§ Your assignment
Given the records below, would you repeat exactly the lines that begin at the one containing "Ludovico Einaudi Greatest" and end at the one containing "Preview for 1086", inclusive?

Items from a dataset
- - -
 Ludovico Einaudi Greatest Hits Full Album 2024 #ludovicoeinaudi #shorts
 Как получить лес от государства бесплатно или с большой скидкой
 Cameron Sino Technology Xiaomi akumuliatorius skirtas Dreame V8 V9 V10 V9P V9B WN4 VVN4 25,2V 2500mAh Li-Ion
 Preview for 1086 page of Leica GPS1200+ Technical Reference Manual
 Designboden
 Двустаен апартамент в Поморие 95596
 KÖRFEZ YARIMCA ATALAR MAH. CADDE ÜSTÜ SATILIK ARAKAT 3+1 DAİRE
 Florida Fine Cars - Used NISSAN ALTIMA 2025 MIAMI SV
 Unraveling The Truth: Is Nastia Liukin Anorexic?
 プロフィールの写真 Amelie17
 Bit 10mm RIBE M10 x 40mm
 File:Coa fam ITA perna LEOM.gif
- - -
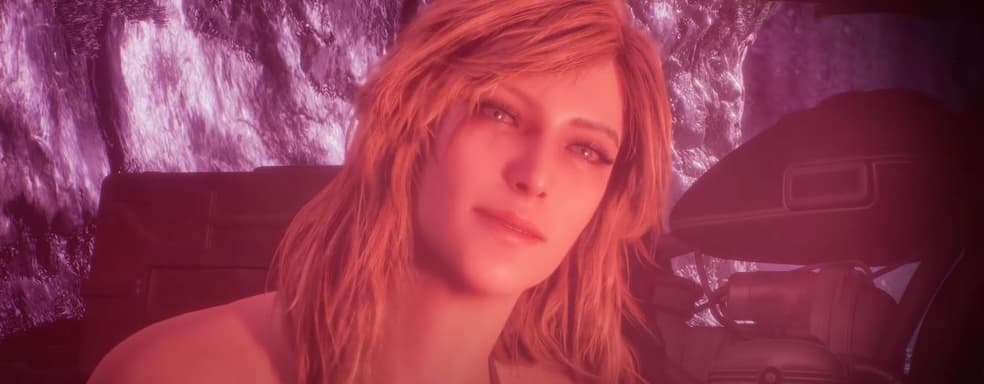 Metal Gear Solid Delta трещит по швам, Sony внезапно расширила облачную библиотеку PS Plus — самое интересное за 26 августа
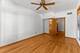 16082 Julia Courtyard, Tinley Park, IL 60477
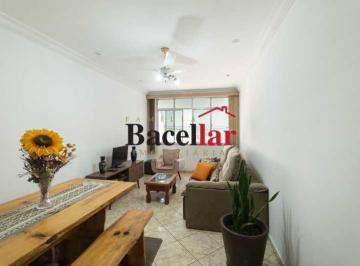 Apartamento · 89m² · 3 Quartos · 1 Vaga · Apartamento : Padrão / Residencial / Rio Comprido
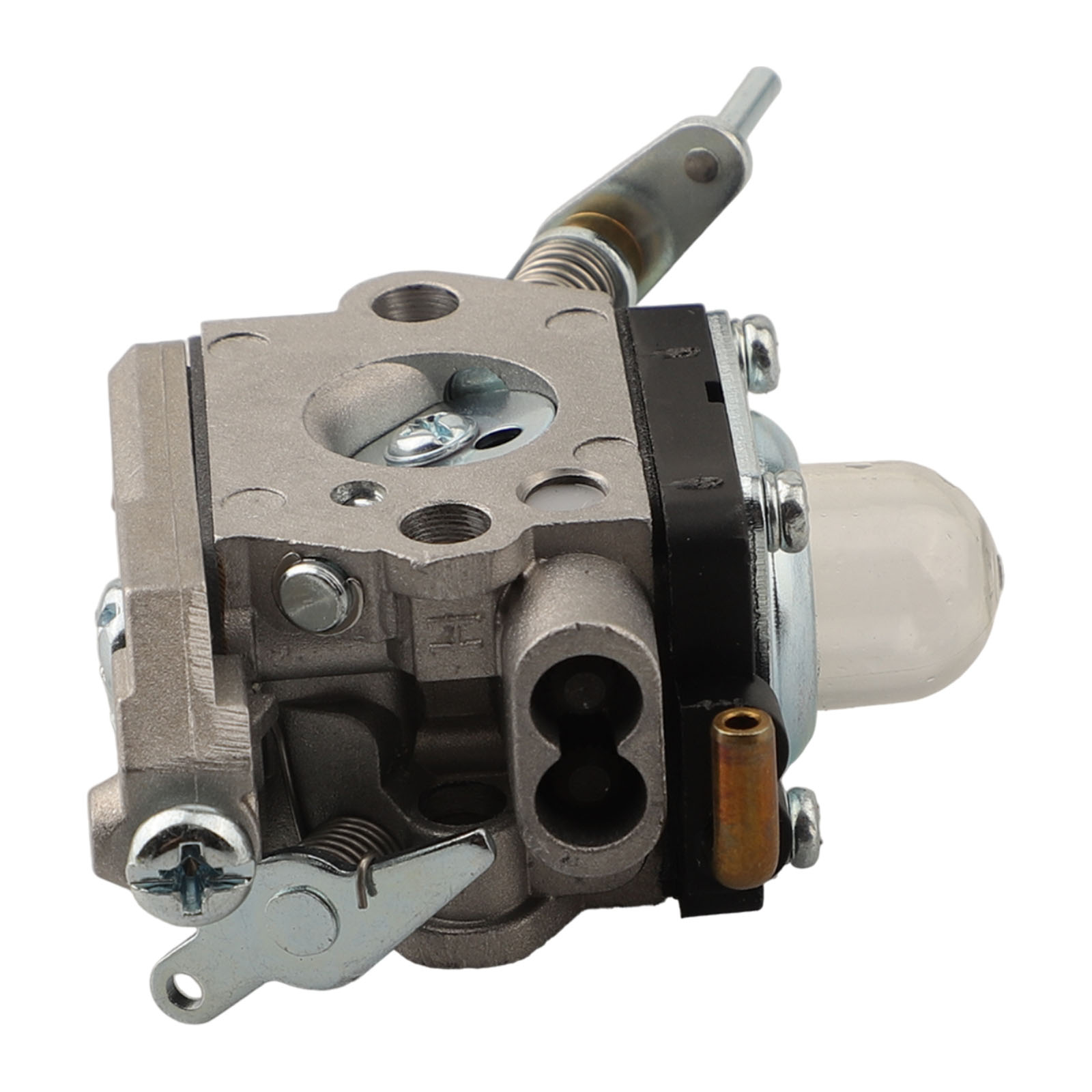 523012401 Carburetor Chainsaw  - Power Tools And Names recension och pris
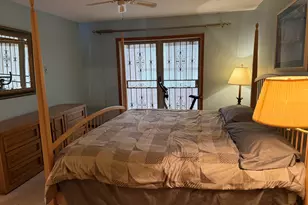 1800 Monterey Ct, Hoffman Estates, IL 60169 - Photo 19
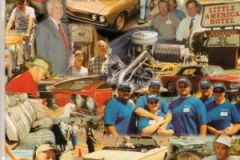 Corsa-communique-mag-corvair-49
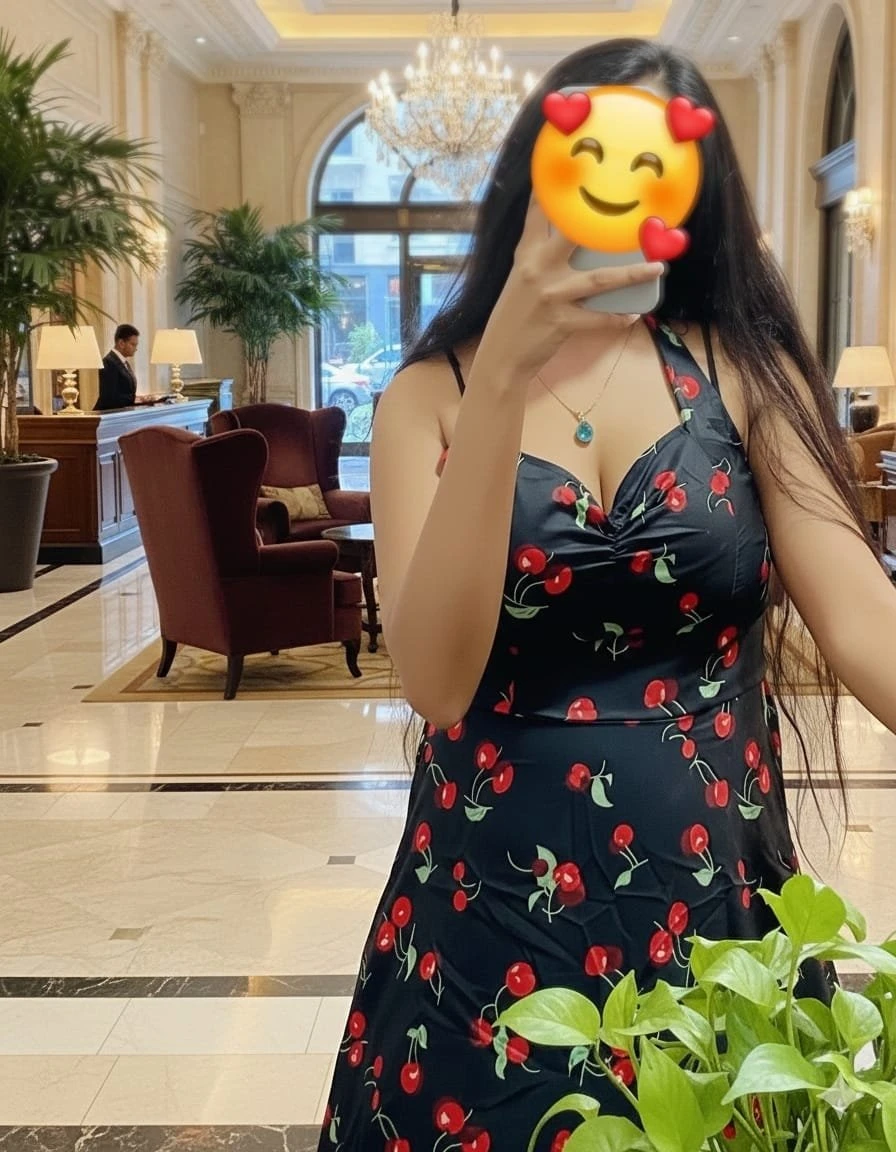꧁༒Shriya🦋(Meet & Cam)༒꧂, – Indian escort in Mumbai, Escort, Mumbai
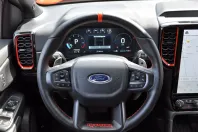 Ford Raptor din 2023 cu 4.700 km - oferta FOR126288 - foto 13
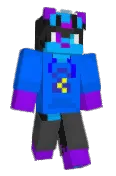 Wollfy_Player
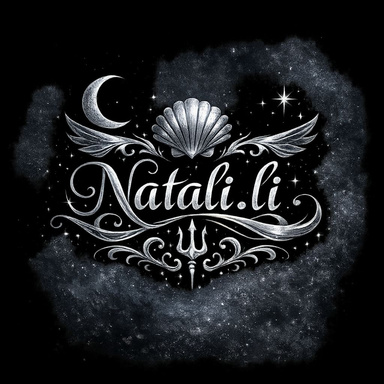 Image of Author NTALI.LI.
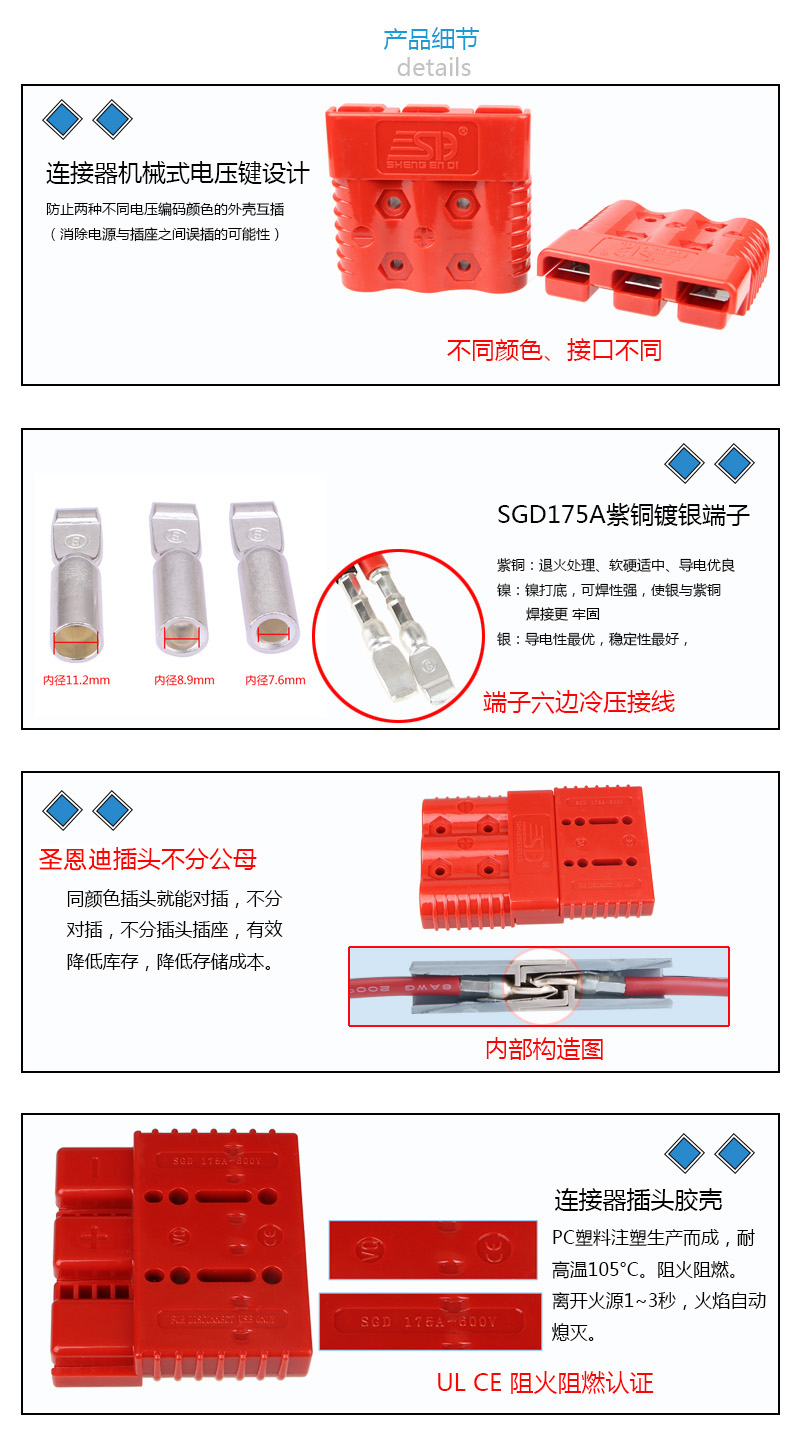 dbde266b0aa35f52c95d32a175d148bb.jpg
- - -
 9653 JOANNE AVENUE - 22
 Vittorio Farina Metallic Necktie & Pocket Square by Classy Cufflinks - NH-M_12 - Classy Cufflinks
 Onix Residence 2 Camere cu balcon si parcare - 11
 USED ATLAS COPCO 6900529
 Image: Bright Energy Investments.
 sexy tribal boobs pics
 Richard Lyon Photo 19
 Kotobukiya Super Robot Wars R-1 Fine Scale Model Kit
- - -
§ Reply
 Ludovico Einaudi Greatest Hits Full Album 2024 #ludovicoeinaudi #shorts
 Как получить лес от государства бесплатно или с большой скидкой
 Cameron Sino Technology Xiaomi akumuliatorius skirtas Dreame V8 V9 V10 V9P V9B WN4 VVN4 25,2V 2500mAh Li-Ion
 Preview for 1086 page of Leica GPS1200+ Technical Reference Manual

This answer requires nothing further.